DAYTON, Ohio (WDTN) – As fire departments in Ohio deal with record call volume, the governor’s office is offering some help ease some of the stress and workload.

Several departments in the Miami Valley are receiving funding for retention, recruitment and wellness.

The Dayton Fire Department had its highest call volume ever in 2022, with more than 41,000 runs.

DFD is getting a $5.8 million grant from the Ohio First Responder Recruitment, Retention, and Resilience Program. $5.3 million of that will support 30 full-time firefighter positions.

Dayton Fire Chief and Director Jeff Lykins said he is still working on whether the grant money will create new positions or supplement their class of recruits starting in January.

“It could be a combination of of that, we just haven’t had those discussions,” Lykins said. “We did want to at least address the fact that we were super excited to get the award. We have great plans for it and we do have an idea, but we just need more information.”
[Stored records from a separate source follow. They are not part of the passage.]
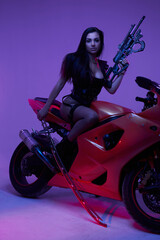 Fototapeta na wymiar Urban woman biker with rifle and sword posing on motorcycle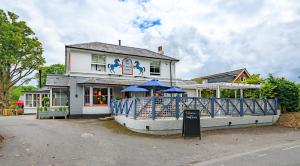 a house with an umbrella in front of it at The Running Horse in Winchester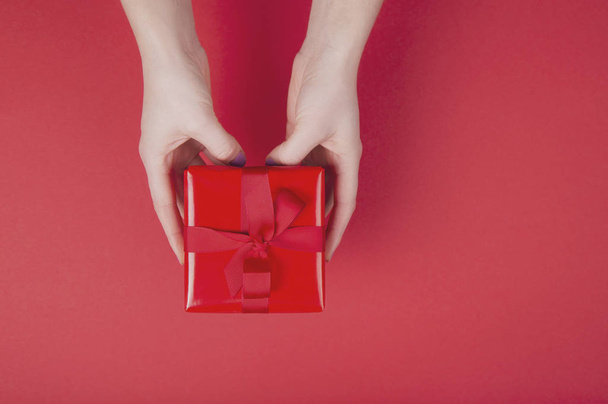 Woman's hands holding red gift box - Foto, imagen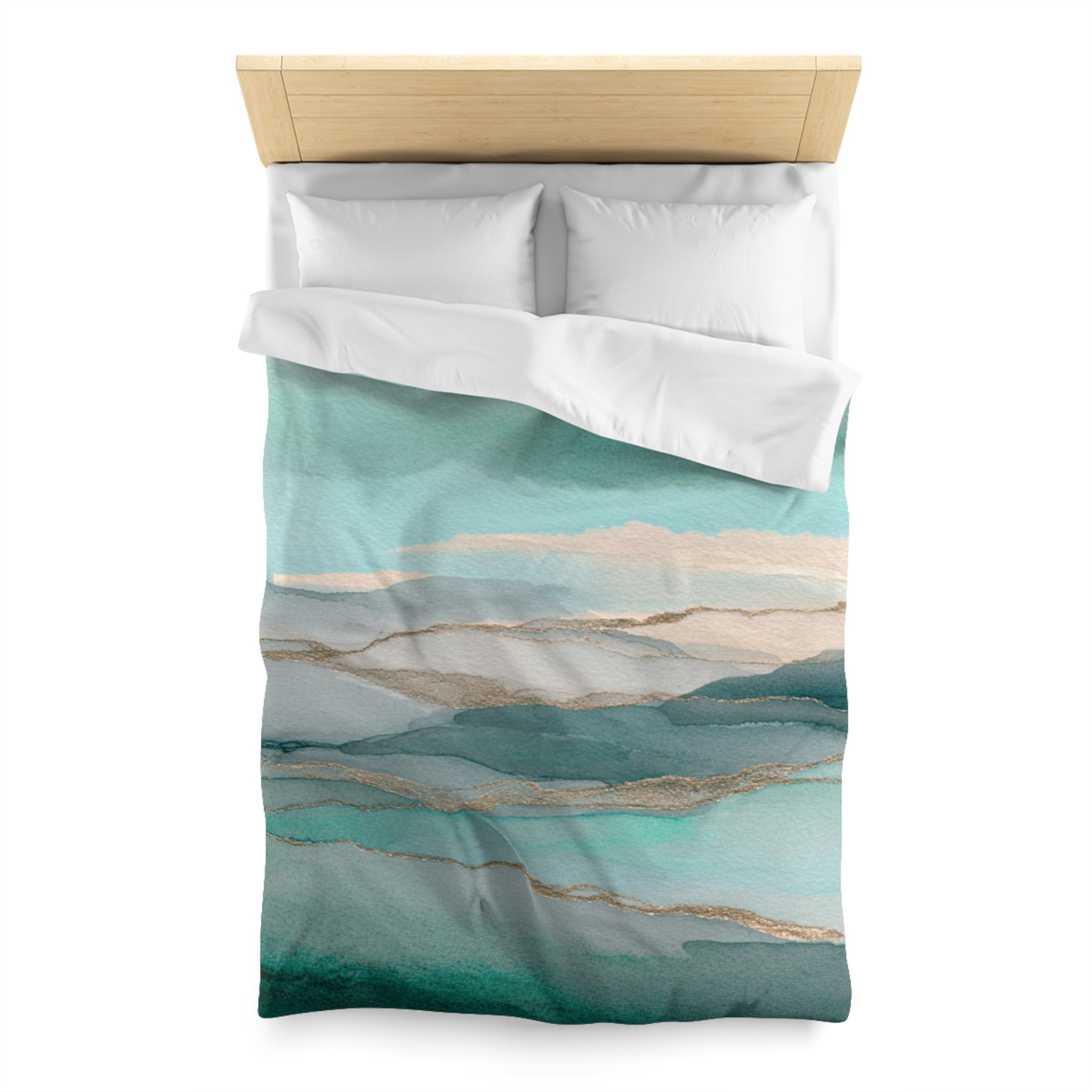 a bed with a blue and green watercolor-style comforter and pillows.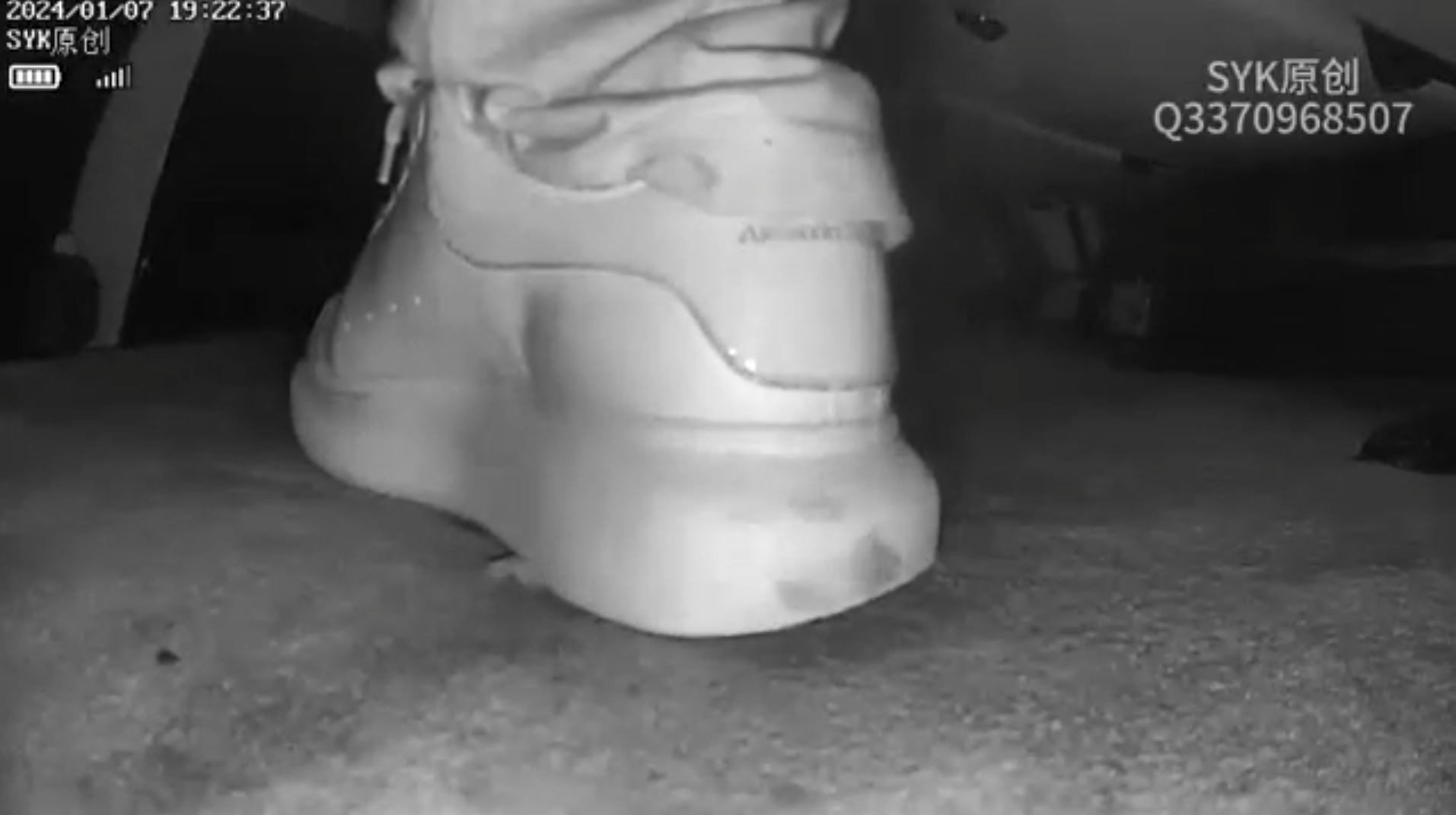 Beautiful women crush pinkie in sneakers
Gov. Mike DeWine created the grant program to distribute $75 million dollars of American Rescue Plan Act funds over multiple rounds to to law enforcement agencies, dispatch centers, fire departments, and EMS agencies. The program aims to address burnout caused by stress on the job and understaffing.

The Huber Heights Fire Division received two grants in two separate rounds. The department will use $547,000 to hire a firefighter/paramedic and create administrative staffing roles.
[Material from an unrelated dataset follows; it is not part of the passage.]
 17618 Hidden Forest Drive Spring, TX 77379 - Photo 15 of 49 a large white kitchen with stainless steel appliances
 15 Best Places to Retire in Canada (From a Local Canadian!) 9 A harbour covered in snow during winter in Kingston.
Administrative Battalion Chief John Russel said the money will help put an Alternative Response Vehicle on the streets to relieve some workload.
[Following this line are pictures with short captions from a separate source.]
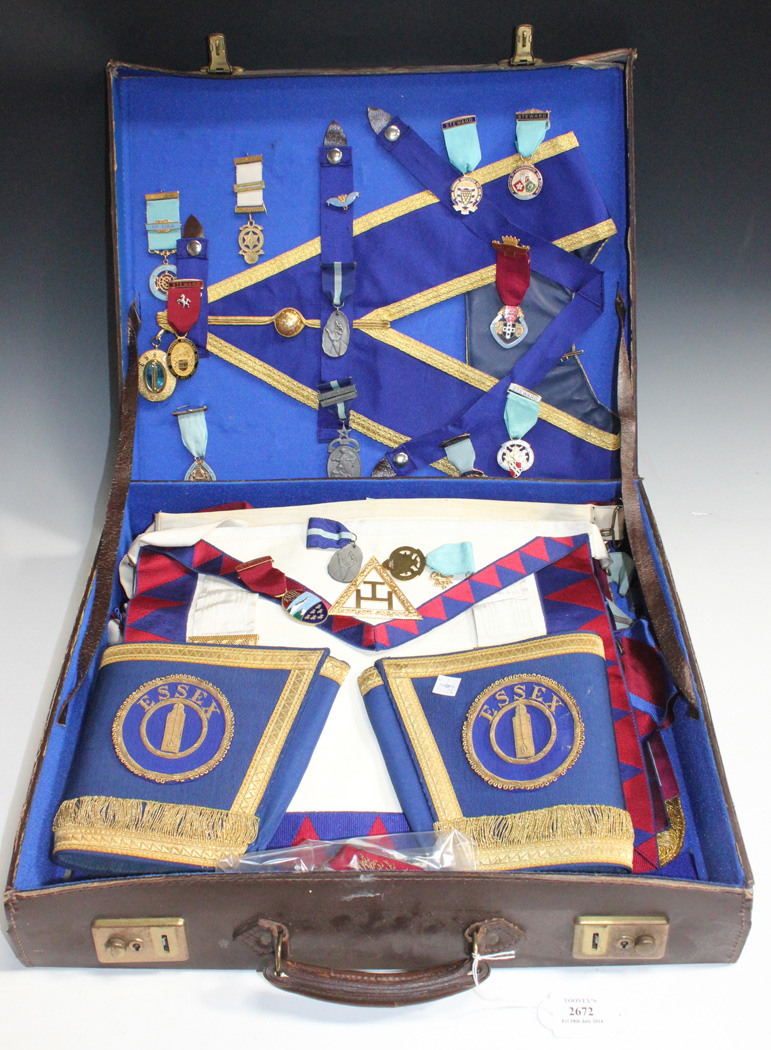 A collection of Masonic regalia, including a group of silver medals and ...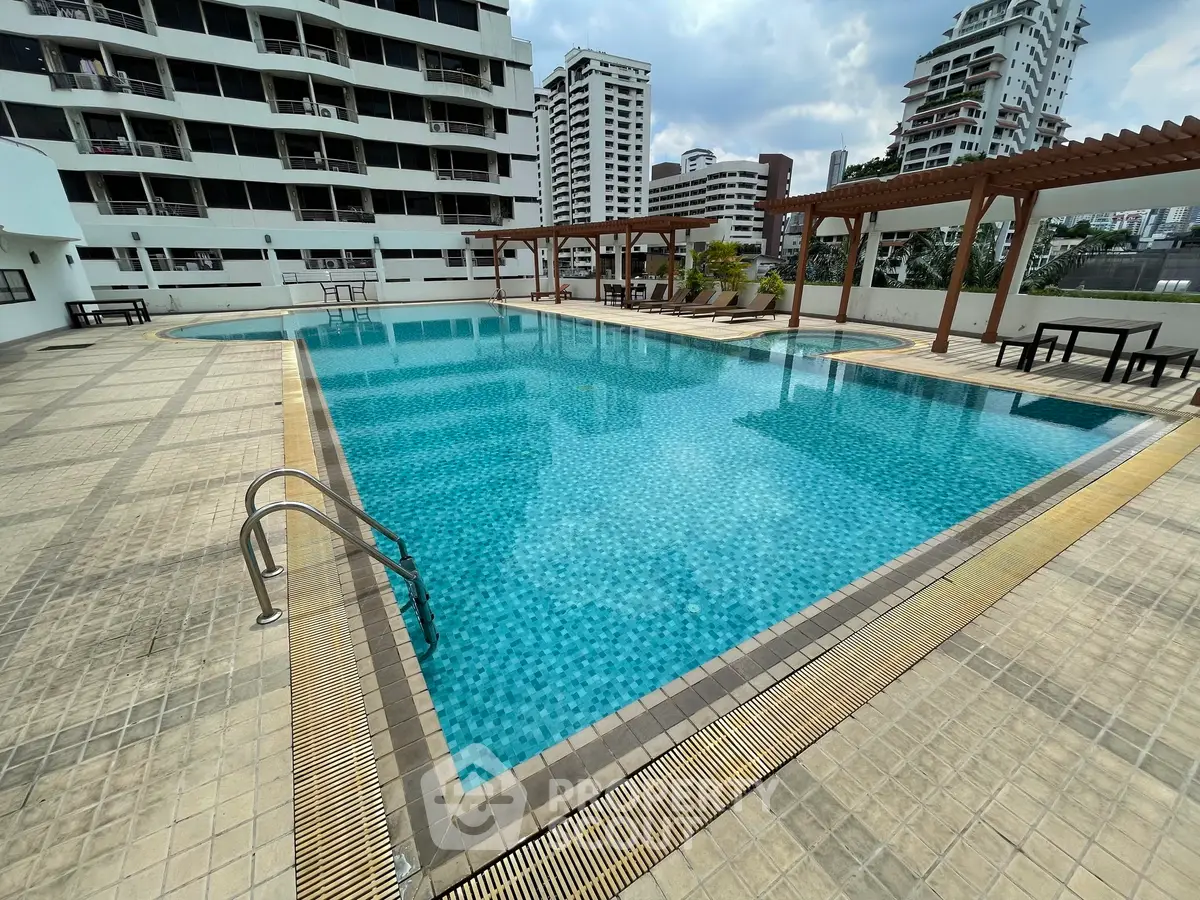 Luxurious apartment complex with a stunning outdoor pool and modern architecture.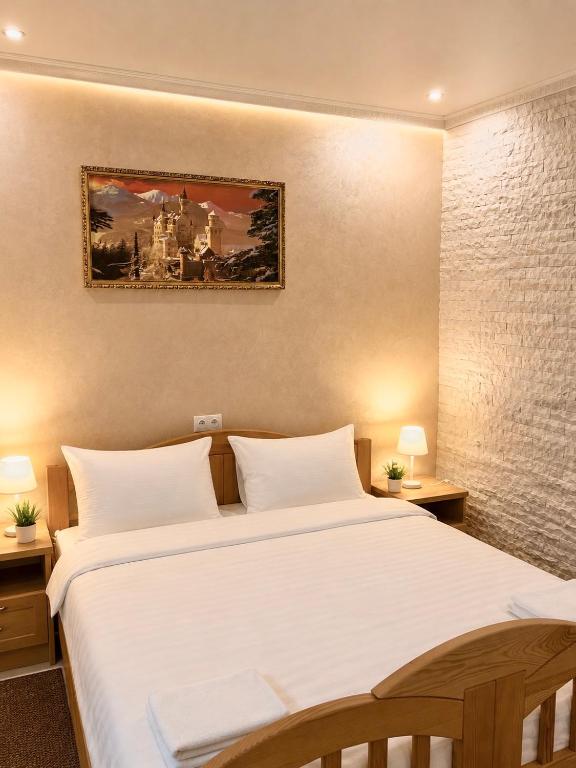 a bedroom with a large white bed with two lamps at Park Hotel in Uman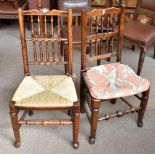 A harlequin set of seven spindle back and rush seated dining chairs raised on column supports (7).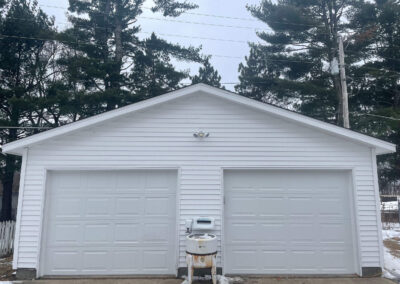 A white garage with two doors and a snow shovel.
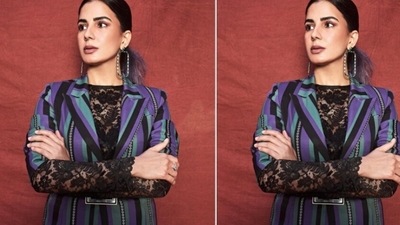 Kirti decked up in a black short dress with lace details and full sleeves, and layered her look with a striped blazer. (Instagram/@iamkirtikulhari) Kirti decked up in a black short dress with lace details and full sleeves, and layered her look with a striped blazer. (Instagram/@iamkirtikulhari)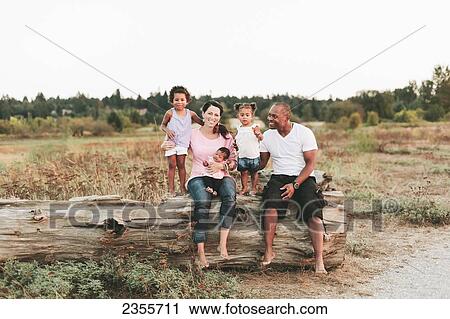 Stock Image - Interracial Family Sitting On Log On Beach; British Columbia, Canada. Fotosearch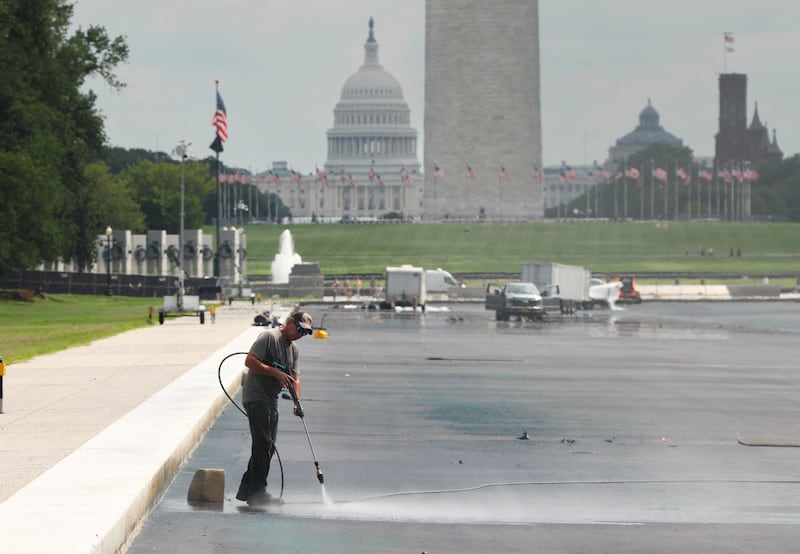 A worker power washes a section of the Lincoln Memorial Reflecting Pool as work continues to correct the botched repair project in Washington, D.C., U.S., August 18, 2026. REUTERS/Kevin Lamarque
“They’re going to be able to go out and help the medic crew with lift assist or be able to go out and help and really, hopefully keep some of the call volume down on some of our fire crews so that they don’t have to go out and do some of those things,” Russell said.

Along with addressing staffing challenges, the grants can also be used so first responder agencies and support the physical and mental health of their staff.

“We have not always been the best at taking about our emotional needs or, you know, our mental wellness, and obviously, every day the men and women of the Dayton Fire Department respond to tragedies,” Lykins said.

DFD will use the remaining portion of its grant to fund a wellness coordinator position and a clinician to look after the physical and mental health of their firefighters.

The Huber Heights Fire Division also received $287,000 to a full-time wellness coordinator and enter a contract with a local health care provider.

Russell said prioritizing mental health could make the fire service a more viable, long-term career.

“It’s a way to ensure that we’re keeping good quality employees for the length of their careers and not just, you know, ‘Hey, I’m I’m burnt out five, six, seven years,'” Russell said.

Also during this round of awards, the Xenia Public Safety Division received a grant for more than $130,000 for mental health and on-site wellness training.